2017 Legislative and Regulatory Action on Electric Vehicles
“As projections for the number of electric vehicles sold continues to rise, we see many states taking pre-emptive steps to help facilitate and prepare for this transition,” noted Heather Brutz, Clean Transportation Program Manager at NCCETC. “This includes directly funding vehicles and infrastructure, streamlining the permitting process, and preparing for a transportation funding future where gasoline-powered vehicles make up a smaller percentage of vehicles on the road.”
The report finds that a total of 227 state and utility-level actions related to electric vehicles were proposed, pending, or decided in 2017, with California, New York, Massachusetts, and Minnesota seeing the greatest number of actions during the year.
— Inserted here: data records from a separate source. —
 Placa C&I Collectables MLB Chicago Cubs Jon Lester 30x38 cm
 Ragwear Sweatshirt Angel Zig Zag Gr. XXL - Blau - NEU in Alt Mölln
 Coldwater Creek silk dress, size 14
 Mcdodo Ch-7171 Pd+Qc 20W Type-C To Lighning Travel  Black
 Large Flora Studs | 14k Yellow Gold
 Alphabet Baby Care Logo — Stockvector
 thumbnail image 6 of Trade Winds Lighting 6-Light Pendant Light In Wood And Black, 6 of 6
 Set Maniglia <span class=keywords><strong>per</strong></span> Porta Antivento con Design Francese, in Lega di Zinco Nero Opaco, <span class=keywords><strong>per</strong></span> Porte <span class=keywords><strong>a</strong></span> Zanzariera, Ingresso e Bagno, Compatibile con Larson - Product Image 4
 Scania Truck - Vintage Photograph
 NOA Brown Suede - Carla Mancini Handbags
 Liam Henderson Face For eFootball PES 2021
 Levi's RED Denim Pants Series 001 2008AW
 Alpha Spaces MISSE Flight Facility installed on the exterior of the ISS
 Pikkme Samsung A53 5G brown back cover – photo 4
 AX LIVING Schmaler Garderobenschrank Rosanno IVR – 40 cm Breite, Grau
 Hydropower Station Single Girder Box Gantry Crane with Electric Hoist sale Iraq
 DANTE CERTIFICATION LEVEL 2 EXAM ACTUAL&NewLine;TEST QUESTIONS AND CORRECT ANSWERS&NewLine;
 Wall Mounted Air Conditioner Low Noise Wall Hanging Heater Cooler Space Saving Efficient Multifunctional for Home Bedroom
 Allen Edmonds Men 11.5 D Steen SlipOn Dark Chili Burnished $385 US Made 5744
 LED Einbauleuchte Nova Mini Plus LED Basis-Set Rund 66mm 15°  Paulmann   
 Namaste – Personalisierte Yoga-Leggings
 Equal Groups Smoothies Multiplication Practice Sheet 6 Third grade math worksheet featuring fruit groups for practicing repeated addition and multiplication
The most common actions were related to electric vehicle fees, rebate programs, utility tariffs for electric vehicle charging and electric vehicle studies.
The report also notes top electric vehicle policy trends of 2017:
- State policymakers and regulators addressing barriers to charging infrastructure development;
- Investigation of electric vehicles as part of broader grid modernization efforts;
- Funding for electric vehicle infrastructure moving beyond level 2 charging;
- Utilities proposing dedicated electric vehicle charging rates;
- States and utilities expanding incentives for electric vehicles and charging infrastructure; and
- States considering additional fees for electric vehicle owners.
“As states and utilities undertake grid modernization efforts, electric vehicles are consistently being included in these discussions,” said Autumn Proudlove, Manager of Policy Research at NCCETC. “Key issues under consideration in 2017 were utility rate design for electric vehicle charging and the role of utilities in deploying charging infrastructure.”